Whitehot Magazine

Rebecca Allan: Materiality and Musicality

Rebecca Allan, Voltaire’s Garden (Love Letter to Lebanon), 2015. 
Acrylic and peel collage on canvas, 52 by 60 inches. Courtesy of the artist and 447 Space.

 

By RAPHY SARKISSIAN | October 25, 2025

In an era dominated by mixed-media installations and immersive experiences, the continued relevance of painting remains a subject of critical discourse. Rebecca Allan’s partially figurative landscapes are a striking example of this, powerfully manifesting Isabelle Graw’s layered and somewhat paradoxical theory of “the love of painting." Graw’s concept centers on the medium’s ability to fascinate viewers—what she terms its perceived “vitality.” This exhibition’s densely constructed and chromatically complex paintings do more than depict the natural world; they function as social and cultural agents. Within these works, Allan revitalizes the medium by channeling contemporary ecological concerns through a historically informed vocabulary—a pursuit she extends through her work as a horticulturist and garden designer.

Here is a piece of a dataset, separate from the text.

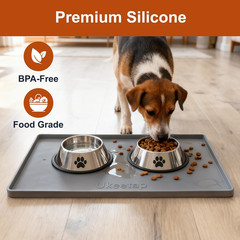 Ukeetap Extra Thick Silicone Mat Waterproof with Raised Edge 19” X 12”, BPA Free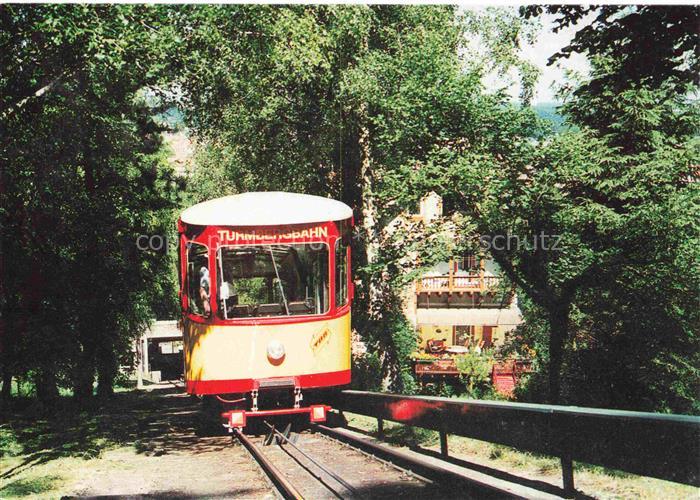Durlach Karlsruhe Baden BW Turmbergbahn Standseilbahn Wagen Gleis Baeume VBK rot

Allan’s practice, grounded in hands-on horticultural labor, invests her paintings with a tangible sense of agency and “aliveness.” By compressing not only painterly gestures but also the physical work of tending, pruning, cultivating, and nurturing into material surfaces, her paintings become vivid instances of Graw’s claim that a painting’s value lies in its condensation of the artist’s life and oeuvre. The incremental work of tending plants parallels the slow, accumulative structure of her compositions, wherein nature’s terribilità is revealed. Her connection to the transcendental American landscape tradition (Thomas Cole, Frederic Edwin Church, Charles Burchfield) provides a historical scaffolding that affirms painting’s enduring vitality while situating contemporary ecological preoccupations within a long lineage of American artmaking.

This intertwinement of horticultural and painterly praxes is exemplified in Voltaires Garden (Love Letter to Lebanon). Here abstraction gains charge through chromatic pleasure and gestural exuberance. Rooted in her experience as a visiting artist in Beirut, the painting stands as a vivid enactment of Graw’s theory. The title reactivates Voltaire’s call to “cultivate one’s own garden,” reframed within the context of Allan’s painterly and personal engagement with Lebanon. Acrylic and peel collage accumulate as strata—materializing a poetics of earth, memory, and painterly labor. The canvas becomes a physical record of perceptual work, linking horticultural tending to painterly making and offering an ecological meditation through abstraction. Through layers of acrylic and chromatic facture, the work affirms painting’s continued vitality as articulated in Graw’s model.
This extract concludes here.